POR UMA ONU DOS DADOS
Há décadas anunciada, a grande revolução da Inteligência Artificial (IA) chegou finalmente ao patamar do debate generalizado na sociedade. Personalidades com nome na praça apelaram a que se parasse a vaga, como se fosse possível proibir a evolução científica e tecnológica, esquecendo que a travagem do desenvolvimento da ciência com bom propósito escancara as oportunidades e as vantagens comparativas, ainda que ilegais, de quem a desenvolve para manipular, controlar e destruir as raízes da evolução milenar da humanidade.
Até muito recentemente, na avaliação do impacto da IA o conceito-chave foi o tratamento automático, ou seja, a dimensão artificial. Nesse contexto, era apropriado dizer que as máquinas não tinham emoções e, em consequência, apenas podiam emular os comportamentos humanos, ainda que o pudessem fazer com muito mais eficácia e eficiência. Dizia-se então com fundamento que muitas tarefas repetitivas e estruturadas estavam condenadas a serem desempenhadas por robots artificialmente inteligentes.

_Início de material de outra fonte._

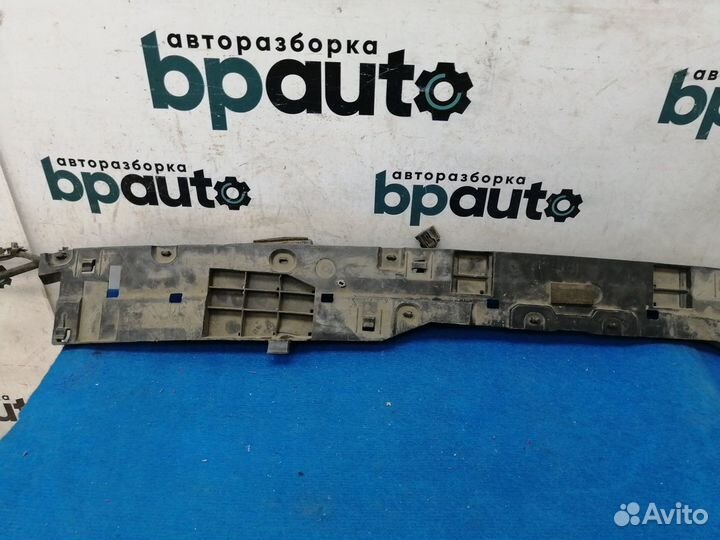 Кронштейн заднего бампера центральный 52615-60030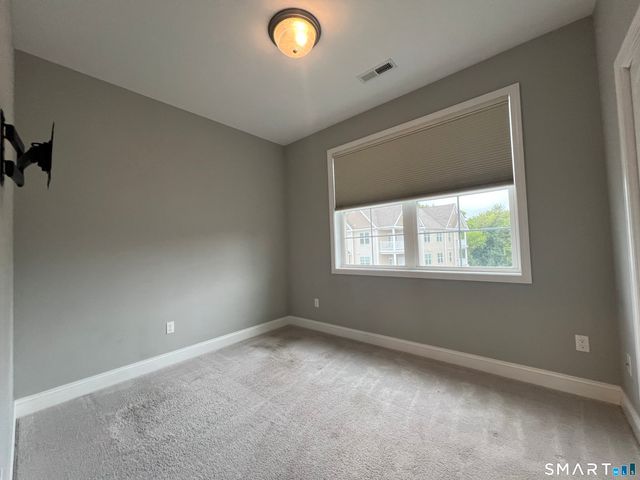 39 Eden Avenue 1, Southington, CT 06489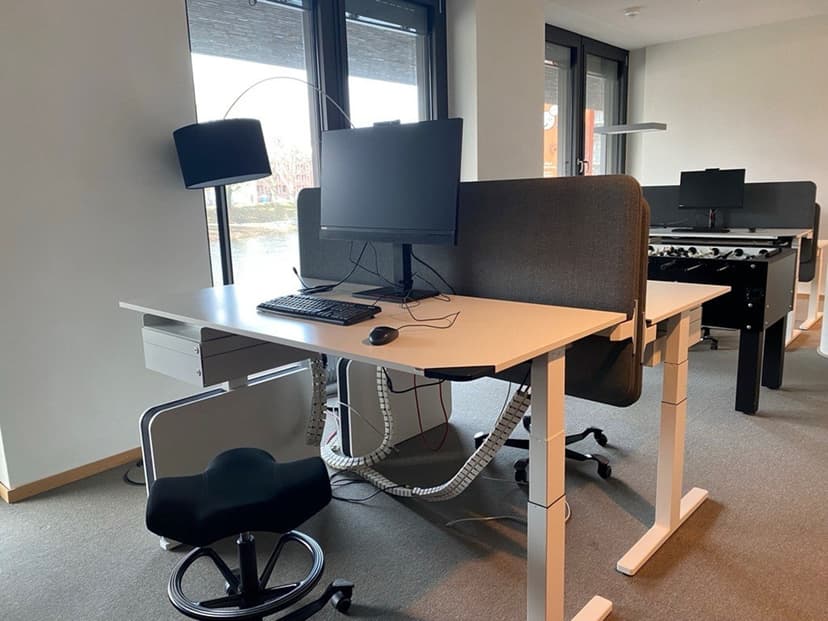 Office at Teerhof 59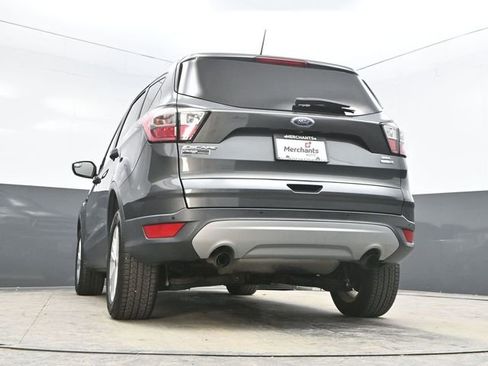 Used 2018 Ford Escape SEL image 36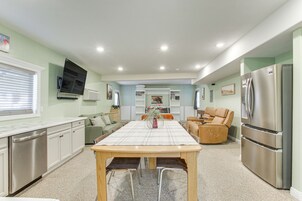 Apartment (0 Bedroom) | Interior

A aceleração tecnológica, a velocidade de processamento, o disparar dos recursos de conectividade quase ilimitada e instantânea, a geração exponencial de dados acessíveis e a capacidade humana de desenvolver algoritmos cada vez mais potentes soltou o balão e tornou a IA generativa.
O foco no artificial passou, através da aplicação da inteligência científica e digital, para a capacidade das máquinas devidamente municiadas do software de nova geração gerarem novas combinações, novas avaliações e novas conceções. Chegámos assim ao espantoso mundo das máquinas que falam e que escrevem, que respondem e que pensam, embora ainda estejam na fronteira limite de serem capazes de pensar o pensamento, nódulo existencial supremo que diferencia o humano do humanoide.

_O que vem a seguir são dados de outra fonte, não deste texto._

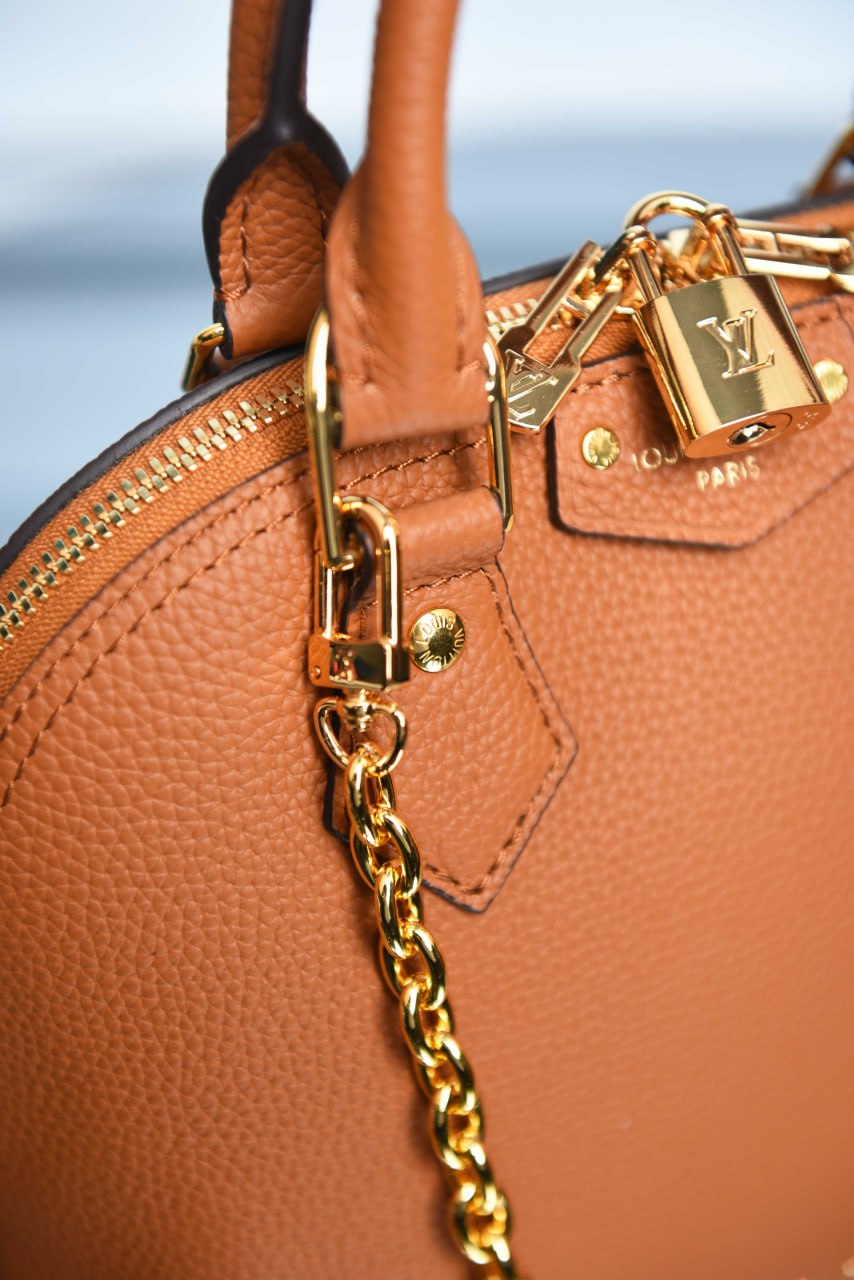 Alma Trunk BB Premium Designer Style Women’s Bag – High Quality, Elegant Fashion Accessory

Essa fronteira, no entanto, não é inexpugnável. A partir da IA que gera, emergirá a IA que regenera, ou seja que elabora sobre o que é gerado e cria novas realidades e novas abordagens sistémicas, que nas piores distopias podem não deixar espaço para a humanidade tal como a conhecemos.

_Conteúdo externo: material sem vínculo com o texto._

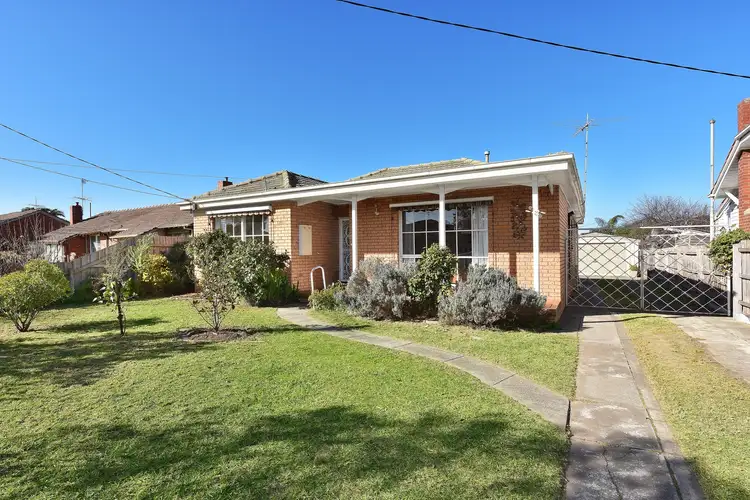 42 Marchant Avenue, Reservoir VIC 3073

Chegou o tempo de agir. Não o tempo do espanto ou da negação, mas o tempo da ação. Não obstante o balão estar solto, ainda está ligado a nós por um fio de prata. O fio dos dados e dos propósitos com que os usamos. Se formos tendencialmente bons, teremos ferramentas que nos ajudarão a ser melhores. Se formos tendencialmente maus teremos ferramentas que nos ajudarão a ser piores.
O novo verbo são os dados. A internet é cada vez menos o espaço de liberdade que já foi e cada vez mais um território demarcado na geopolítica emergente. Se assim é com o mensageiro, assim será também com a mensagem, se não conseguirmos criar um património comum da humanidade no acesso aos dados fundamentais para fazer face aos grandes desafios globais. Precisamos, mais do que nunca, de uma Organização das Nações Unidas para salvaguardar esses dados. Para salvaguardar o nosso futuro coletivo.